Trouble with ConcatDataset()

ougni · May 5, 2019, 4:57am

Hi Everyone,

I’m trying to understand the ConcatDataset() function. I’m running this example code from here:

pytorch/examples/blob/master/mnist/main.py

from __future__ import print_function
import argparse
import torch
import torch.nn as nn
import torch.nn.functional as F
import torch.optim as optim
from torchvision import datasets, transforms


class Net(nn.Module):
    def __init__(self):
        super(Net, self).__init__()
        self.conv1 = nn.Conv2d(1, 20, 5, 1)
        self.conv2 = nn.Conv2d(20, 50, 5, 1)
        self.fc1 = nn.Linear(4*4*50, 500)
        self.fc2 = nn.Linear(500, 10)

    def forward(self, x):
        x = F.relu(self.conv1(x))
        x = F.max_pool2d(x, 2, 2)

This file has been truncated. show original

The only change I’m making here is this:

train_mnist = datasets.MNIST('data', download=True, train=True, transform=transforms.Compose([transforms.ToTensor(),
                              transforms.Normalize((0.1307,), (0.3081,)),
                              ]))
new_mnist = torch.utils.data.TensorDataset(train_mnist.data.unsqueeze(1), train_mnist.targets)
trainset = torch.utils.data.ConcatDataset([new_mnist]) 
train_loader = torch.utils.data.DataLoader(trainset, batch_size=args.batch_size, shuffle=True)

Therefore, instead of passing the train_mnist to the DataLoader - I’m creating a tensorDatset and then using ConcatDataset to see if I get the same train/test behavior.
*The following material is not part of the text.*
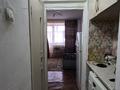 1-бөлмелі пәтер · 15.7 м² · 5/5 қабат, Кунанбай, бағасы: 8 млн ₸ в Семее — фото 2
Surprisingly, the training/testing behavior is very different - instead of getting high 90% accuracy in testing, testing accuracy drops to 10%. Something is definitely wrong! Anyone knows whats going on?

ptrblck · May 6, 2019, 7:48am

The transformation will be lost, if you pass the train_mnist.data directly to TensorDataset as it is applied in the __getitem__ method for each .data sample. You could try to normalize the data inplace before passing it to the TensorDataset.